May 12, 1936--Jockey Ralph Neves was involved in a racing accident at Bay Meadows Race Course and erroneously pronounced dead. He was later revived at the morgue and he returned to the racetrack the same day. He was ordered to sit out the remainder of the racing card and so missed only a half-day of work because of his "death."These "Hoofprints" entries (borrowed from NTRA, I think) are always short and sweet, and they often pique my curiosity, leading me to embark on odd little information excavations (not to be confused with NSA data mining operations.)
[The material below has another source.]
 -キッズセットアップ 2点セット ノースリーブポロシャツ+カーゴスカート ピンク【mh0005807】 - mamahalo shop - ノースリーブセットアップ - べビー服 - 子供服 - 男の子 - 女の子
As Neves, aka "The Portuguese Pepperpot", raced for nearly 3 more decades after his 'resurrection', winning more than 3,000 races, and was inducted into the Hall of Fame in 1960, it's not surprising that I was able to locate more details about this race. It's also not surprising that a search of the stacks in my library turned up nothing about Neves -- our collection of racing materials is woeful. However, a search of the Web revealed that the date of this extraordinary event was probably May 8, 1936. The story is fairly well-documented at:
- News of the Odd, which includes links to additional sources
- Snopes.com, where one of the citations is the May 9, 1936 edition of the San Francisco Chronicle
- Washington Racing Hall of Fame, which is the source of this version of the tale:
On May 8, 1936, Neves was riding Fannikins in a race at Bay Meadows. At the time, he was in a tight race for the riding title with Johnny Longden, Jackie Westrope and John Adams. At stake was $500 and a gold watch that Bing Crosby had promised to present to the leading rider at the meeting.
Neves was fifth in the race, heading into the first turn behind a wall of four horses. The outside horse broke a leg and, stumbling into the neighboring runner, precipitated a falling domino effect that brought all four horses down immediately in front of Neves and Fannikins. Fannikins balked, throwing Neves onto the track and then fell on top of him.
So much is known from film of the race. What happened afterward has been told so many times and embellished so much in the telling that the outlines of the truth are hard to pick out. In the account of Bert Thompson, who was then his valet, Neves was removed from the track in a pickup truck and taken to the first aid room. There he was examined by the track doctor and pronounced dead. The track announcer made the announcement to the stunned crowd and requested a moment of silence. In a longshot attempt to revive him, the doctor injected adrenaline into his heart. Neves revived and demanded to ride the balance of his mounts on the card. The shaken stewards refused to let him return to riding until the following day. Meanwhile, it was decided that he should spend the night in a nearby hospital under observation. He remained overnight, then exited the hospital through a window in his hospital gown the next morning and hailed a cab back to the racetrack.
Some accounts relate that he revived in the local mortuary and ran screaming into the street, complete with toe tag, to hail a cab. Neves himself maintained for years that he was chased by track officials up and down the stretch in front of the grandstand, while he demanded not to be taken off his mounts. Next day, however, he resumed riding and ultimately won the riding title, the $500 and the gold watch. The headline on the story in the San Francisco Chronicle read: "Ralph Neves -- Died But Lives, to Ride and Win."